Per la seconda volta consecutiva rischia di restare fuori dai mondiali che si svolgeranno fra un anno esatto in Qatar. Tutti – federazione, calciatori, stampa e tifosi – ci vogliono andare. Ma chi c’è già vorrebbe fuggirne. Infatti la preparazione dei mondiali qatarioti sta costando un tributo di vite umane enorme per i lavoratori che sono impegnati nella costruzione degli stadi. Sono, la quasi totalità, immigrati dal sub continente indiano o dall’Africa che lavorano in cantieri aperti 24 ore al giorno, per 80 centesimi di euro l’ora, con temperature altissime, turni massacranti e ritmi insostenibili. Amnesty international, ormai 6 mesi fa, denunciava la morte di oltre 6500 lavoratori a causa dell’ipersfruttamento.

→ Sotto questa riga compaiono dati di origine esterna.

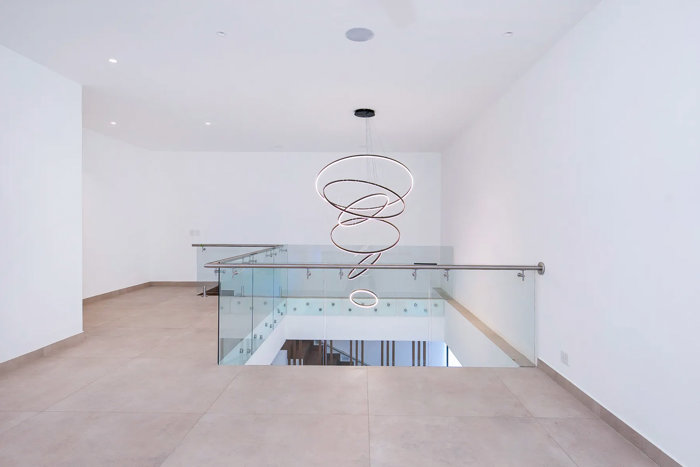 Casa de Lujo con Piscina Privada en Los Laureles en Escazú, San José — $999,000 - Foto 3 de 6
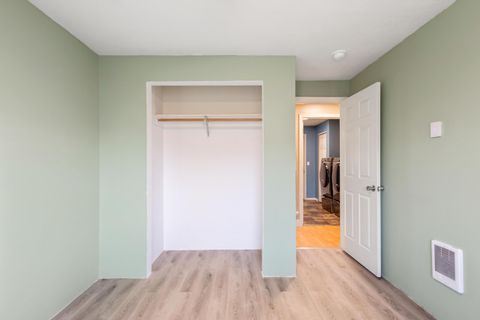 Tiny photo for 986 NE Mahogany Street, Prineville, OR 97754 (MLS # 220215457)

Una situazione crudele e inumana a cui gli operai sono sottoposti e a cui, come si diceva, non possono sottrarsi, perché spesso sono arrivati nel paese illegalmente e sono tenuti sotto il ricatto economico e legale di un caporalato criminale, connivente con gli emiri che governano il paese e che hanno voluto ad ogni costo – anche grazie a corruzione e
petrodollari – il mondiale nel loro paese. Tanti stanno dicendo che il calcio è morto, quasi nessuno ha il coraggio di dire che uccide.